--- Input data ---
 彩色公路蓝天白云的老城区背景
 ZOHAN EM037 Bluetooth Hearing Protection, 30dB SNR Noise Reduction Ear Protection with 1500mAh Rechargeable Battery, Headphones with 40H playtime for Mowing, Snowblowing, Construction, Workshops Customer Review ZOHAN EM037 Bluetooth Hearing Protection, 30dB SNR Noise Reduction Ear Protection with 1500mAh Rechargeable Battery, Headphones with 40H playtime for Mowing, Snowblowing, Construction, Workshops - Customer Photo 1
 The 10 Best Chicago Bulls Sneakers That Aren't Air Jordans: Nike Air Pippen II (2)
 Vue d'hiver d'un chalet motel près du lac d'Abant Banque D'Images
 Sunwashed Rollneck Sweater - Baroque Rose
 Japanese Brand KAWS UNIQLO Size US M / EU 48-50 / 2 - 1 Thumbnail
...
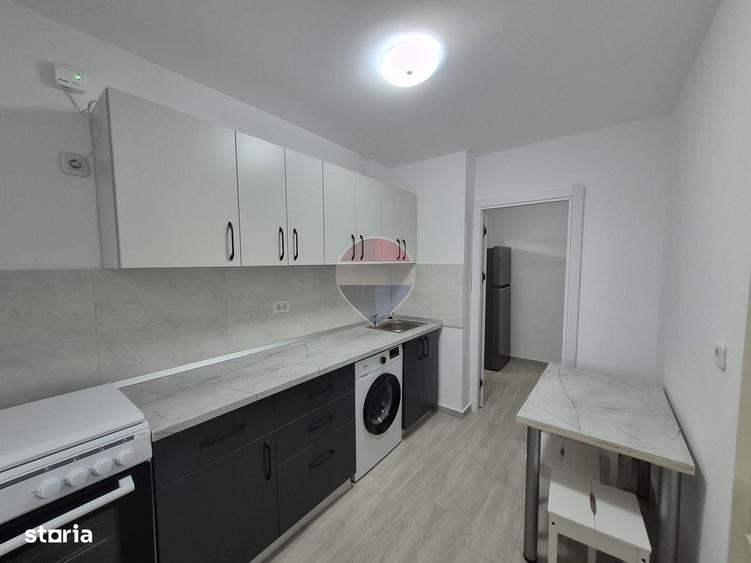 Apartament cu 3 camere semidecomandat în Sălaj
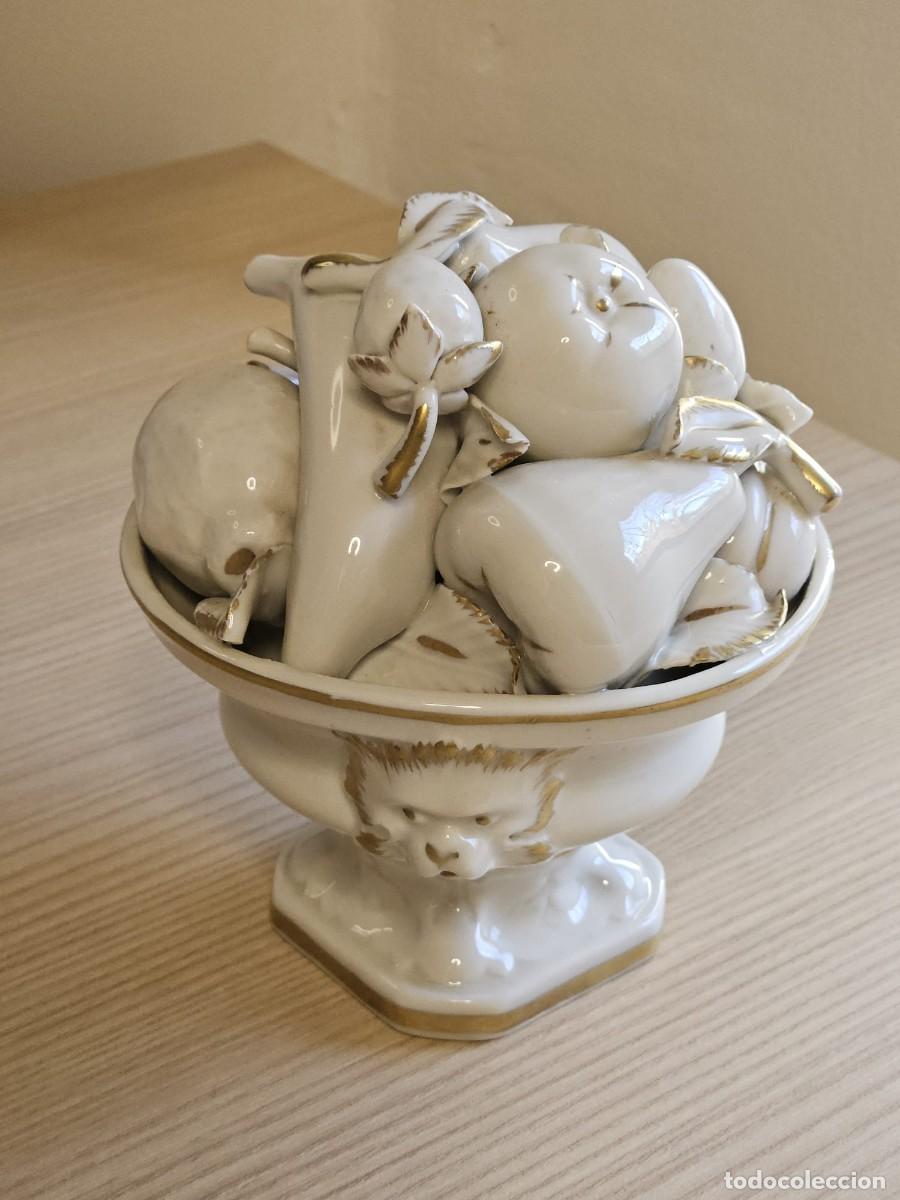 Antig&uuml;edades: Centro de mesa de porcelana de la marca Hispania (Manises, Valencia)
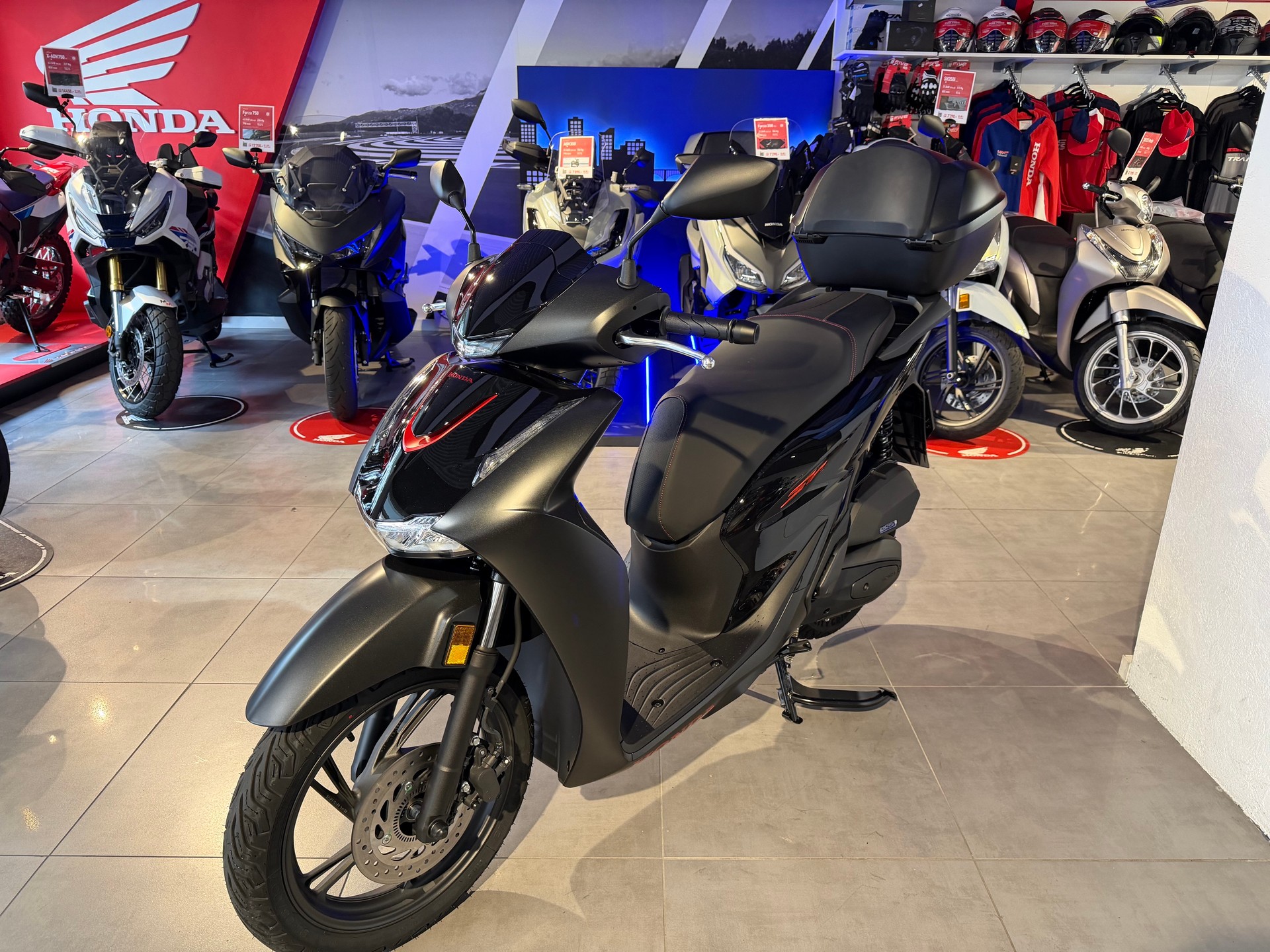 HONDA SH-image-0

--- Work required ---
Using the entries above, repeat only the lines from the one containing "彩色公路蓝天白云的老城区背景" through the one containing "Japanese Brand KAWS", end lines included.

--- Response to this task ---
 彩色公路蓝天白云的老城区背景
 ZOHAN EM037 Bluetooth Hearing Protection, 30dB SNR Noise Reduction Ear Protection with 1500mAh Rechargeable Battery, Headphones with 40H playtime for Mowing, Snowblowing, Construction, Workshops Customer Review ZOHAN EM037 Bluetooth Hearing Protection, 30dB SNR Noise Reduction Ear Protection with 1500mAh Rechargeable Battery, Headphones with 40H playtime for Mowing, Snowblowing, Construction, Workshops - Customer Photo 1
 The 10 Best Chicago Bulls Sneakers That Aren't Air Jordans: Nike Air Pippen II (2)
 Vue d'hiver d'un chalet motel près du lac d'Abant Banque D'Images
 Sunwashed Rollneck Sweater - Baroque Rose
 Japanese Brand KAWS UNIQLO Size US M / EU 48-50 / 2 - 1 Thumbnail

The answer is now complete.